*Given material:*
————

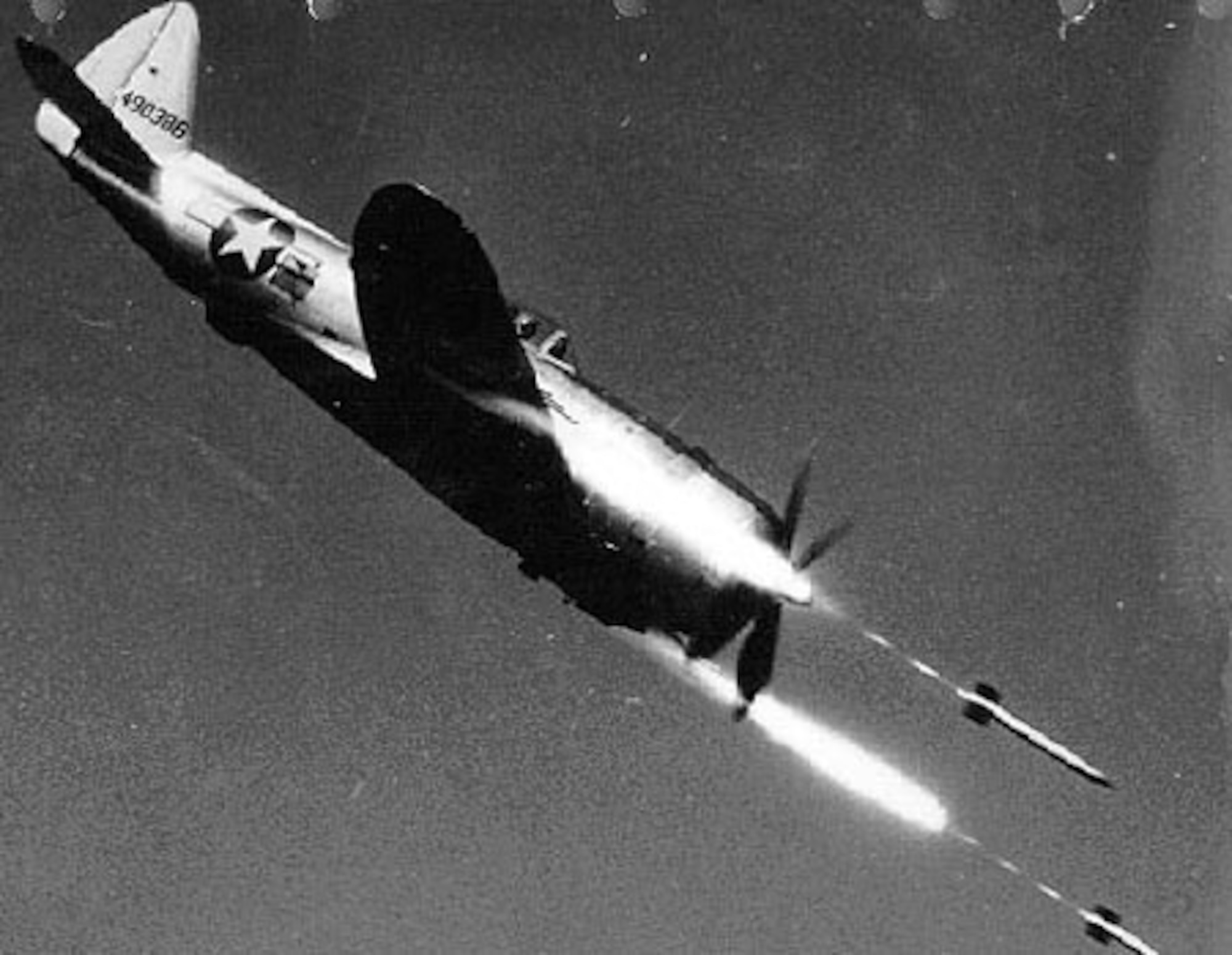 Republic P-47D-40-RE (S/N 44-90386) in flight firing rockets. (U.S. Air Force photo)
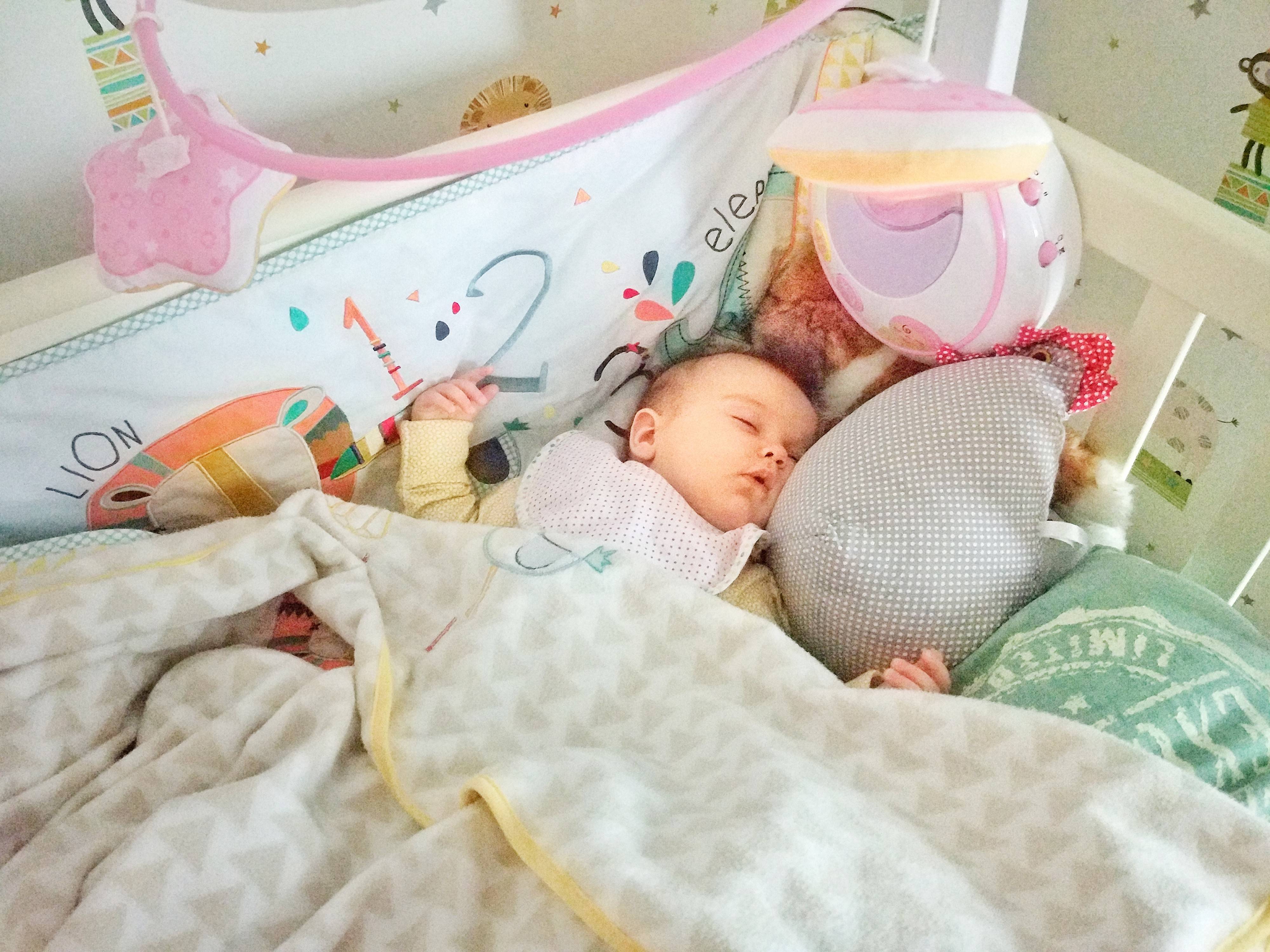 Новорожденный спит в кроватке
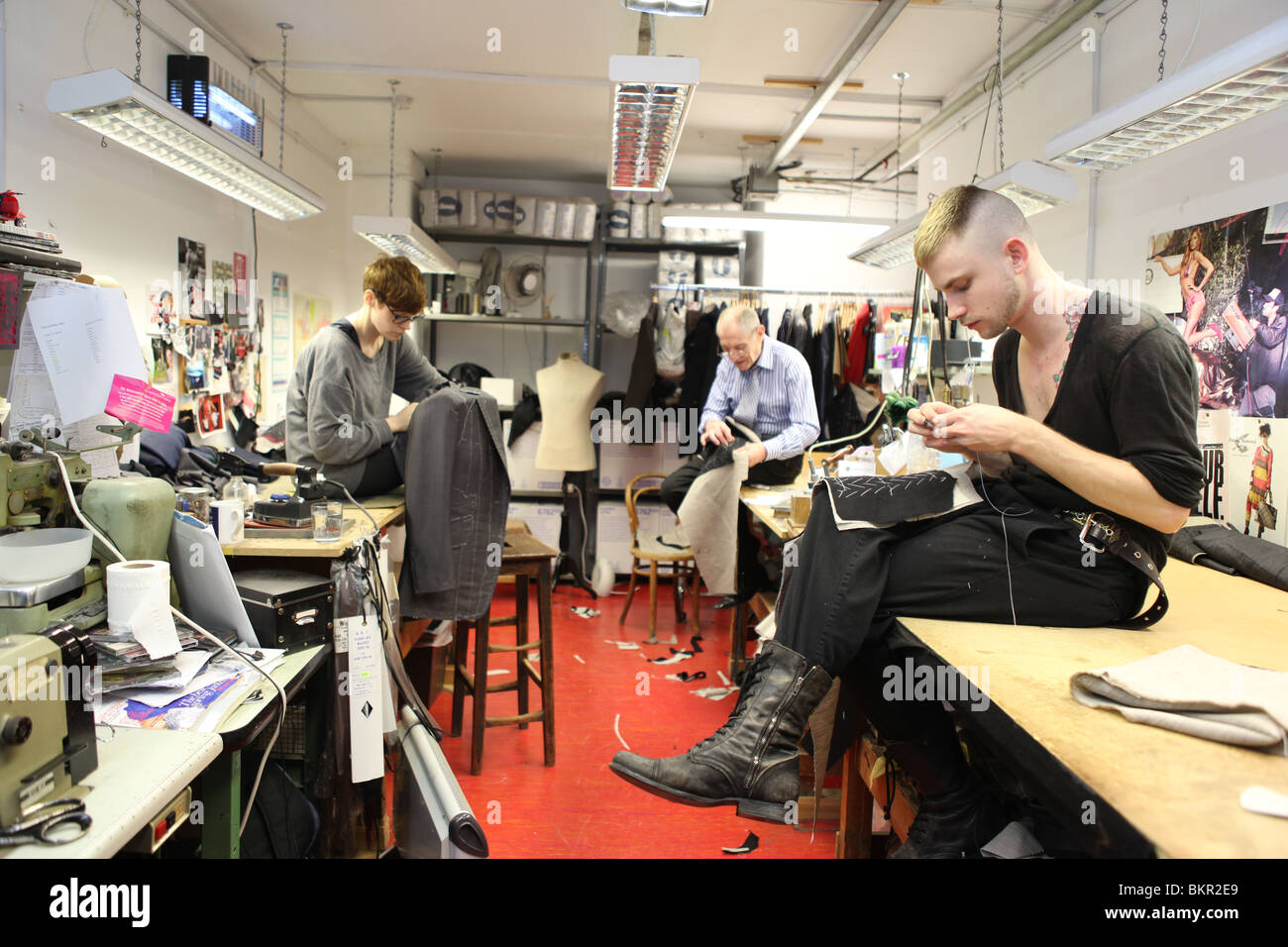 Tailors in the workshop of Henry Poole. Savile Row, London. Stock Photo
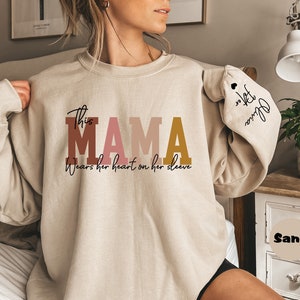 Custom This Mama Wears Her Heart On Her Sleeve Hoodie, Personalized Mom Sweatshirt With Kids Names, Cute Momma Outfit, Mothers Day Gifts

————

*What you should do:* In the listing above, retype exactly, and only, the lines from the one containing "Новорожденный спит в кроватке" through the last line, both included. Omit the pictures.

*Written solution:*
 Новорожденный спит в кроватке
 Tailors in the workshop of Henry Poole. Savile Row, London. Stock Photo
 Custom This Mama Wears Her Heart On Her Sleeve Hoodie, Personalized Mom Sweatshirt With Kids Names, Cute Momma Outfit, Mothers Day Gifts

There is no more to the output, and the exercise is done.